▸ **How to complete this task**
In the entries below, find the line with "Venture Home Lycke" and print exactly every line from there up to and including the line with "CARTERA DE MANO", with no other lines.

▸ **Stored records**
++++
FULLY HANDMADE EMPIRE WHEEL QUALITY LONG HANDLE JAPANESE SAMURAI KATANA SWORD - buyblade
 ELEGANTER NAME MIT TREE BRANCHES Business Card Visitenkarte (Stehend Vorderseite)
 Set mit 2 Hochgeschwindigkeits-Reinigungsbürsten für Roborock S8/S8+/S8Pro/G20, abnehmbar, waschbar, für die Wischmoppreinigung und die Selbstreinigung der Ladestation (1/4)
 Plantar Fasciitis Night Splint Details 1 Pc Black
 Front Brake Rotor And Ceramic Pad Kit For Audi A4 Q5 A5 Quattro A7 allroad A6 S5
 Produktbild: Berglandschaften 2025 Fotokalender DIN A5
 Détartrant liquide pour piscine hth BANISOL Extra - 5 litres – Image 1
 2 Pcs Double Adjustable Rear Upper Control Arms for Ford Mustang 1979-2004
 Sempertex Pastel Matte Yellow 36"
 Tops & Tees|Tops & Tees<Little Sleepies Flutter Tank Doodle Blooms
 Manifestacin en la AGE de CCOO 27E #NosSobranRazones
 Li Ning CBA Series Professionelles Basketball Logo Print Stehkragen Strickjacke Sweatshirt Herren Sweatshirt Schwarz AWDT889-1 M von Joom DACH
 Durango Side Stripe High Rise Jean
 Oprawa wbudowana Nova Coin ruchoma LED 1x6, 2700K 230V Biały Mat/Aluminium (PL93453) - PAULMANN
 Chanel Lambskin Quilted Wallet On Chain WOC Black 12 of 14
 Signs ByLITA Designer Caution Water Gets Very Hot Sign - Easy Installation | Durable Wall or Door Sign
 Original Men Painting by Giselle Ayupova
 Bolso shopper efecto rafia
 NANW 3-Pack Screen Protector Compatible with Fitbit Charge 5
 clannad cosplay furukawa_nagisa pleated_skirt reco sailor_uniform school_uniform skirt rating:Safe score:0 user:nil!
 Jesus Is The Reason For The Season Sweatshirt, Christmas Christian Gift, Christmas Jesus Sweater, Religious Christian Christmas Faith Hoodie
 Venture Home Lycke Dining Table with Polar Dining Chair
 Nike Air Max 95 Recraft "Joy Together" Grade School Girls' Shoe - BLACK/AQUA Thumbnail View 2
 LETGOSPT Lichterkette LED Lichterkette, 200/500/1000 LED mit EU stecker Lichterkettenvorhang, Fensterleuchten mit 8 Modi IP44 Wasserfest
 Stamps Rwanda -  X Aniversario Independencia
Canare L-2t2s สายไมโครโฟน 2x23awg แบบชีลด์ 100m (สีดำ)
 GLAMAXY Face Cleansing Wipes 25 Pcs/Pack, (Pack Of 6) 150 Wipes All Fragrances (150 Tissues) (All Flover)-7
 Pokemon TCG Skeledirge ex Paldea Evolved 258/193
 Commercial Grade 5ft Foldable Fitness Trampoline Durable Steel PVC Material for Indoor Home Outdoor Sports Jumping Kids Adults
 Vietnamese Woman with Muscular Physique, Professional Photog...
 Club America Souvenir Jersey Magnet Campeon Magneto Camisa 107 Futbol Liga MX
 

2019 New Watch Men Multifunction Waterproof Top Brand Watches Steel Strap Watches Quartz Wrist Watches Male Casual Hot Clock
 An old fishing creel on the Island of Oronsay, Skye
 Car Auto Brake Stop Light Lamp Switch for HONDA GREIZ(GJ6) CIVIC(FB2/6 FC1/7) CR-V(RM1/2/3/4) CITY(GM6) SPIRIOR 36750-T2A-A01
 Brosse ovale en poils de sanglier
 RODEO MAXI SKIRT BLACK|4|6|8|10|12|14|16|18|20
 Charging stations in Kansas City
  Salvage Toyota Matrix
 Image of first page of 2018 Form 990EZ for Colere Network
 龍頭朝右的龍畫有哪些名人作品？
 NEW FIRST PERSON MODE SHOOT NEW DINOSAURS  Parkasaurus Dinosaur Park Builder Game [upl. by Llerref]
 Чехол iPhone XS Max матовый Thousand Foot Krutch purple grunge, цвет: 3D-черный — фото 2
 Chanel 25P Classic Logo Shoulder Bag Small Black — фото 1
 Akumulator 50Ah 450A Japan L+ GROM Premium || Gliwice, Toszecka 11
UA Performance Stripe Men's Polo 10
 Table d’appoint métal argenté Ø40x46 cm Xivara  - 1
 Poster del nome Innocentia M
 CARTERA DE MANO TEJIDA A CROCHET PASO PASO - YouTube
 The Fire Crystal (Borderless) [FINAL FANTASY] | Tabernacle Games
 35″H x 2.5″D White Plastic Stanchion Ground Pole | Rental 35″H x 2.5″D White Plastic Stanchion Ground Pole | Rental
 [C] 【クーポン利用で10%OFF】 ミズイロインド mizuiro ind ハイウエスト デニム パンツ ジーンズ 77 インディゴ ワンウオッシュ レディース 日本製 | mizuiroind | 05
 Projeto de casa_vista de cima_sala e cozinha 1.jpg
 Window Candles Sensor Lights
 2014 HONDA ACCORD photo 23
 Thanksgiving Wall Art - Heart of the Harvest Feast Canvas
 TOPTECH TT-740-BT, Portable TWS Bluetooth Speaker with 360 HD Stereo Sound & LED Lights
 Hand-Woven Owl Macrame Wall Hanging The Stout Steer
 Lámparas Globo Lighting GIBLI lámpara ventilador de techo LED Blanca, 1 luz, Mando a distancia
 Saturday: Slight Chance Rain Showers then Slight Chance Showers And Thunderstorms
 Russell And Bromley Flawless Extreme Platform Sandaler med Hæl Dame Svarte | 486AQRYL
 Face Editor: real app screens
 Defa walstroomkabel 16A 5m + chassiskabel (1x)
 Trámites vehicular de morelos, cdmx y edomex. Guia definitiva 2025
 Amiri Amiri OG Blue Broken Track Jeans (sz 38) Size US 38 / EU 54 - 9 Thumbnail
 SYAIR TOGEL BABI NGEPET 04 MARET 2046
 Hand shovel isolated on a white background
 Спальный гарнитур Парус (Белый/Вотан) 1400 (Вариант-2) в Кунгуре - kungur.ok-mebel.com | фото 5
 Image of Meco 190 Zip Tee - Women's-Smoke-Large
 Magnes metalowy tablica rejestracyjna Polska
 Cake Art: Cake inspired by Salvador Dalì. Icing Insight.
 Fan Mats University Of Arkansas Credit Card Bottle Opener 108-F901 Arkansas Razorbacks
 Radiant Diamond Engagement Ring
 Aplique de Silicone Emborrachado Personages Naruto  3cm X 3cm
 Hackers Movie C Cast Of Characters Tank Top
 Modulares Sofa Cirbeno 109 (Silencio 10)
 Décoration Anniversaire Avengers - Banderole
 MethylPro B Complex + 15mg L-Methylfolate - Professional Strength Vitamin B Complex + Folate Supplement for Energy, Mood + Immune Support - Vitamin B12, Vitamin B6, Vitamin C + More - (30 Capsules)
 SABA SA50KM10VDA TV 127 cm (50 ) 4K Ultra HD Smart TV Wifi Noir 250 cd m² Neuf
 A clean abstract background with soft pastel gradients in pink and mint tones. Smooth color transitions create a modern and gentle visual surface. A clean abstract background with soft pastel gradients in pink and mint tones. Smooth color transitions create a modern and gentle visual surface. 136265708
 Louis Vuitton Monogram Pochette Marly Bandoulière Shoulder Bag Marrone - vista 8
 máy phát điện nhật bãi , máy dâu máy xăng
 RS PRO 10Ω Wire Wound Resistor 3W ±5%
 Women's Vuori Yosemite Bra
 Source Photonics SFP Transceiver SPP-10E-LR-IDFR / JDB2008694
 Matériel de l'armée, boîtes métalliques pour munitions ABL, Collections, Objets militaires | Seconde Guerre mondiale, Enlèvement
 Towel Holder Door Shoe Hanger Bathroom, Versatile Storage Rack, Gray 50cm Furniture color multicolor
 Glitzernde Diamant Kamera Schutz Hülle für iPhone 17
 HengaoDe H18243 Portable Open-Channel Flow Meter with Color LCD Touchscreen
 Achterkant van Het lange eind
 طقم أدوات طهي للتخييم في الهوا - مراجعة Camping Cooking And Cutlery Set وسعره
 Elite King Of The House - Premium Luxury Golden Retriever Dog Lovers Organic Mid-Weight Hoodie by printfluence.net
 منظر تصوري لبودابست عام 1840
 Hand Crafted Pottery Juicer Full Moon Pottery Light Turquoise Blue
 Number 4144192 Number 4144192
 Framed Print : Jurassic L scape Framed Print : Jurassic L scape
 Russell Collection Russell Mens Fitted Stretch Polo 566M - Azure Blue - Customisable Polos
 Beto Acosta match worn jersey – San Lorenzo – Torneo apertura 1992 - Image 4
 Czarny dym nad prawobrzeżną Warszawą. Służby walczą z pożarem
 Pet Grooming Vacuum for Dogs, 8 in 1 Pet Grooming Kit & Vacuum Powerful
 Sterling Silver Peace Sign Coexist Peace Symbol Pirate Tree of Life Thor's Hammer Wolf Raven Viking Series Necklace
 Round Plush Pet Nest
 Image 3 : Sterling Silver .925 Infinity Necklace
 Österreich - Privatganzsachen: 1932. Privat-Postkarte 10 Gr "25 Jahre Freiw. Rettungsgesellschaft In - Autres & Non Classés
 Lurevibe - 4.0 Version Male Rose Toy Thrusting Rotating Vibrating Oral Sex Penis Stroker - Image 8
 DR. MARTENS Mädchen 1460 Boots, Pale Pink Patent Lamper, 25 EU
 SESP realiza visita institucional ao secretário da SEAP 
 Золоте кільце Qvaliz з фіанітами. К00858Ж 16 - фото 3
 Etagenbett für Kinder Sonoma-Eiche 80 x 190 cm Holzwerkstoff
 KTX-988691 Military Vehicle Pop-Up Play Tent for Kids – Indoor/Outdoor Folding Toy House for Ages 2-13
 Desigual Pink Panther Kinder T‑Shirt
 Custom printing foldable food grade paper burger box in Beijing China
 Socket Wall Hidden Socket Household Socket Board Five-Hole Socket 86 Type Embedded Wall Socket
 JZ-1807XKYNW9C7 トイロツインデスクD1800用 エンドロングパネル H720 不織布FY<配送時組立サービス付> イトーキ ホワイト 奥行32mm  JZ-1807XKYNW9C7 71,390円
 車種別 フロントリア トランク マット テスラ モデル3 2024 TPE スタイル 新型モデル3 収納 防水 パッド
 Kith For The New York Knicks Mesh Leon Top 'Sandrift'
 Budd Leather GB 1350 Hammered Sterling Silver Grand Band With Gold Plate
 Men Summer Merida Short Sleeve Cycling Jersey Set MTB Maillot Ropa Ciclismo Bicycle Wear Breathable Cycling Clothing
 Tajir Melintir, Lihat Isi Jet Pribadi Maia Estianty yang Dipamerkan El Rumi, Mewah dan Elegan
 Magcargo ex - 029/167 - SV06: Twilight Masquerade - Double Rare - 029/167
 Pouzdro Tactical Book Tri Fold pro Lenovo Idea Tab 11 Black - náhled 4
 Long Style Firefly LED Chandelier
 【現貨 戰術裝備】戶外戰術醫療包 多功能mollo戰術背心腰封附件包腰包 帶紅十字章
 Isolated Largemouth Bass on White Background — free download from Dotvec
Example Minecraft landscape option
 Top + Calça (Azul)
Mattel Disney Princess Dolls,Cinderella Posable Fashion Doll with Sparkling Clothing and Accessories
++++
▸ **Written solution**
 Venture Home Lycke Dining Table with Polar Dining Chair
 Nike Air Max 95 Recraft "Joy Together" Grade School Girls' Shoe - BLACK/AQUA Thumbnail View 2
 LETGOSPT Lichterkette LED Lichterkette, 200/500/1000 LED mit EU stecker Lichterkettenvorhang, Fensterleuchten mit 8 Modi IP44 Wasserfest
 Stamps Rwanda -  X Aniversario Independencia
Canare L-2t2s สายไมโครโฟน 2x23awg แบบชีลด์ 100m (สีดำ)
 GLAMAXY Face Cleansing Wipes 25 Pcs/Pack, (Pack Of 6) 150 Wipes All Fragrances (150 Tissues) (All Flover)-7
 Pokemon TCG Skeledirge ex Paldea Evolved 258/193
 Commercial Grade 5ft Foldable Fitness Trampoline Durable Steel PVC Material for Indoor Home Outdoor Sports Jumping Kids Adults
 Vietnamese Woman with Muscular Physique, Professional Photog...
 Club America Souvenir Jersey Magnet Campeon Magneto Camisa 107 Futbol Liga MX
 

2019 New Watch Men Multifunction Waterproof Top Brand Watches Steel Strap Watches Quartz Wrist Watches Male Casual Hot Clock
 An old fishing creel on the Island of Oronsay, Skye
 Car Auto Brake Stop Light Lamp Switch for HONDA GREIZ(GJ6) CIVIC(FB2/6 FC1/7) CR-V(RM1/2/3/4) CITY(GM6) SPIRIOR 36750-T2A-A01
 Brosse ovale en poils de sanglier
 RODEO MAXI SKIRT BLACK|4|6|8|10|12|14|16|18|20
 Charging stations in Kansas City
  Salvage Toyota Matrix
 Image of first page of 2018 Form 990EZ for Colere Network
 龍頭朝右的龍畫有哪些名人作品？
 NEW FIRST PERSON MODE SHOOT NEW DINOSAURS  Parkasaurus Dinosaur Park Builder Game [upl. by Llerref]
 Чехол iPhone XS Max матовый Thousand Foot Krutch purple grunge, цвет: 3D-черный — фото 2
 Chanel 25P Classic Logo Shoulder Bag Small Black — фото 1
 Akumulator 50Ah 450A Japan L+ GROM Premium || Gliwice, Toszecka 11
UA Performance Stripe Men's Polo 10
 Table d’appoint métal argenté Ø40x46 cm Xivara  - 1
 Poster del nome Innocentia M
 CARTERA DE MANO TEJIDA A CROCHET PASO PASO - YouTube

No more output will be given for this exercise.